By the time I left Seth’s house, I had five missed messages from Zach and three ignored calls from Misty. I knew what that meant without even listening to the voice mails. Dad usually didn’t get home until after dinner on Saturdays, but occasionally he came back early, and it was already well past seven when I jumped on my bike to pedal home.

Halfway there, the sky opened up and dumped all over me – turning the road to river. My wheels cut a sharp line through the rising water as I sped toward my street. I was pumping so fast, I’d have been soaked with sweat if not with rain. I guess a part of me hoped Dad had called from Iowa City to say he was on his way and that I might still have a chance of beating him back. But that hope was dashed when I turned the corner and saw his car in the driveway.

I rolled right past it without stopping, all the way into the yard, where I ditched my bike in the mud and scaled the back porch to the little slope of roof outside my bedroom window. My sneakers slipped on the shingles, and my fingers struggled to get purchase on the ledge, but finally, I found a foothold and managed to wedge the window open.
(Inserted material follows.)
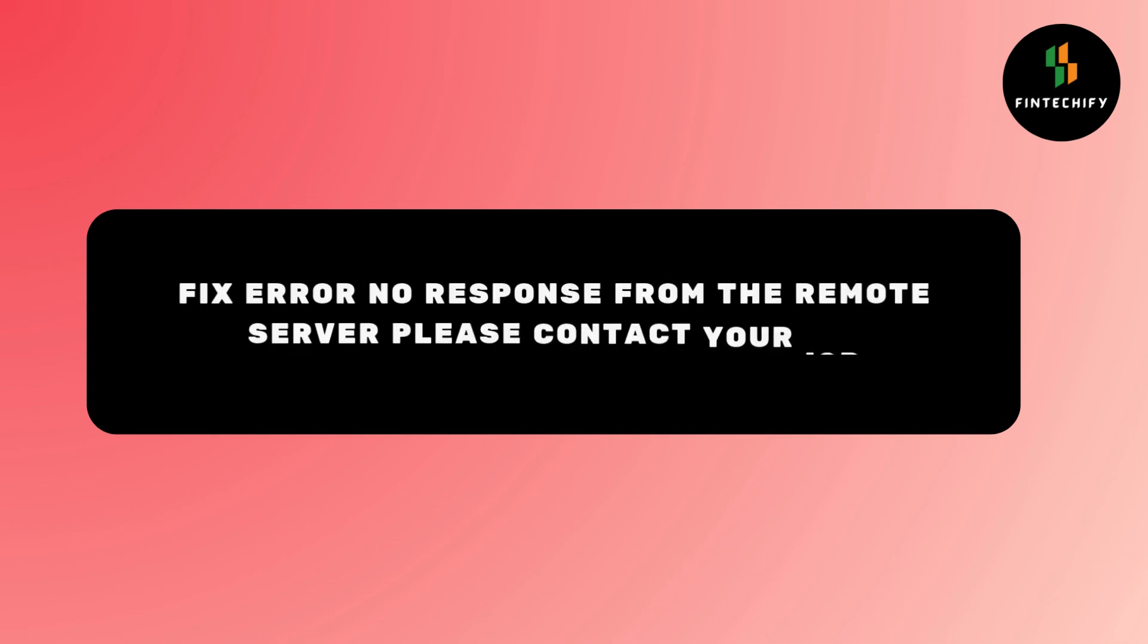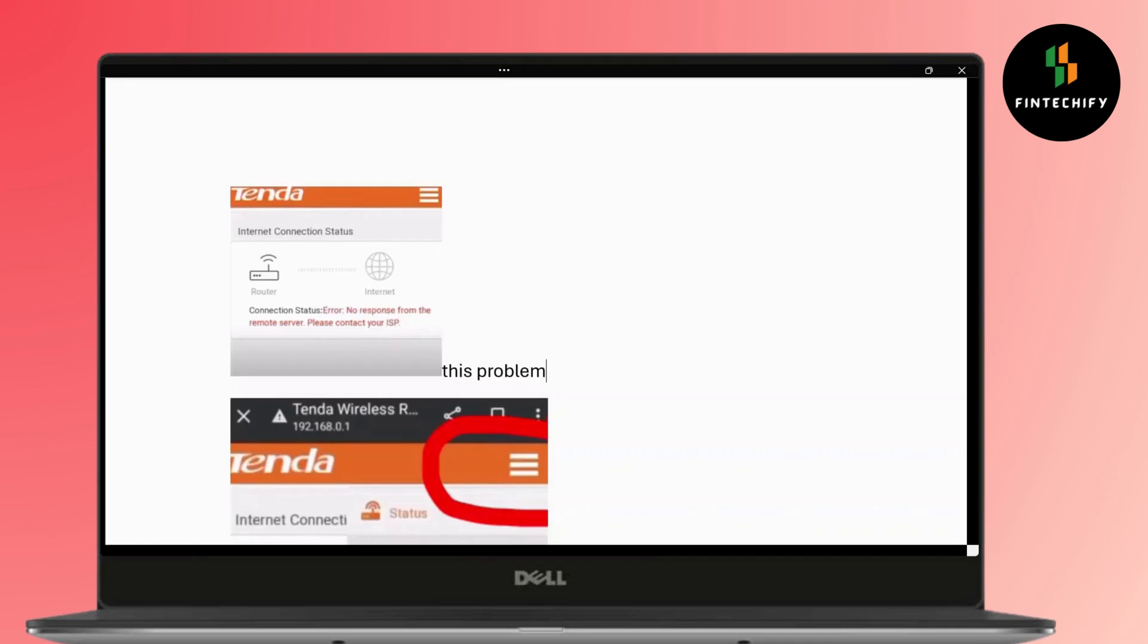How to fix no response from the remote server, please contact your internet service provider. Hi everyone, it's Sophia to assist you today. Without any delay, let's jump right in.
My feet weren’t even on the carpet yet when I saw Misty waiting with her arms crossed, long pink fingernails digging into the skin at her elbows, like she was physically holding something back. My first instinct was to tell her off for invading my privacy, but I was silenced by the look on her face.

‘Your father is home,’ she hissed.

‘Does he—’

‘No. He thinks you’re up here studying Spanish.’ Her cheeks went all blotchy red just then, and her voice broke in a way that made us both uncomfortable. ‘He has no idea that you put me in a position to lie to him – no clue that you took advantage of me – that you have zero respect for—’
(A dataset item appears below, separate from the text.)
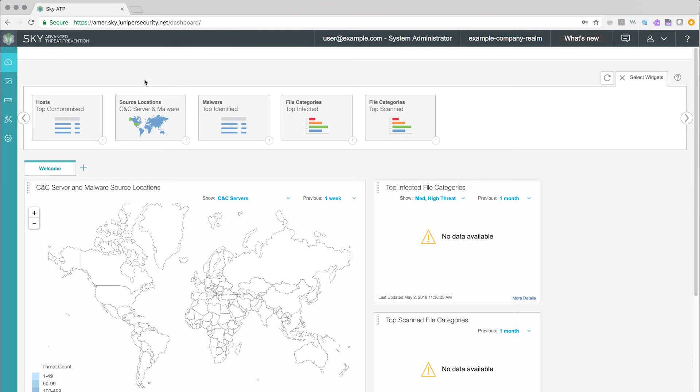For detailed configuration instructions, use the link in the description to view specific documentation.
‘Shh. Please.’ I knew shushing her wasn’t exactly the right response, but her voice was rising with every word, and neither of us wanted Dad to hear. I made a pleading face. ‘I’m sorry, okay? You’re right, and I’m sorry.’

Misty looked startled by my apology. And for every ounce of her surprise, I felt two ounces of disgust. The way she was just standing there, her arms all crossed and her face all full of worry, like she was a … parentmade me want to puke. I vowed to never grovel to her again.

‘It wasn’t cool for me to cut it so close,’ I said. The words were painful, scraping my throat on their way out.

‘Or to ignore my phone calls,’ she said.

‘Or to ignore your phone calls.’

‘Or to lie to me.’

‘Or to lie to you – wait, what?’

‘I called Zach. His mom picked up his cell. Apparently he was at a chess tournament all day.’

Your move, Eli.

I closed my eyes, wishing I had checked Zach’s messages right away.

‘I’m sorry for that too,’ I said. But that was all I was giving her.

She stood in stony silence for a few more moments, waiting for an explanation, but the only sound was the squish of my water-soaked socks.

Finally, she took pity on me. She marched into the bathroom attached to my room to grab a towel, which she tossed at my face on her way out. Before closing the door, she turned back.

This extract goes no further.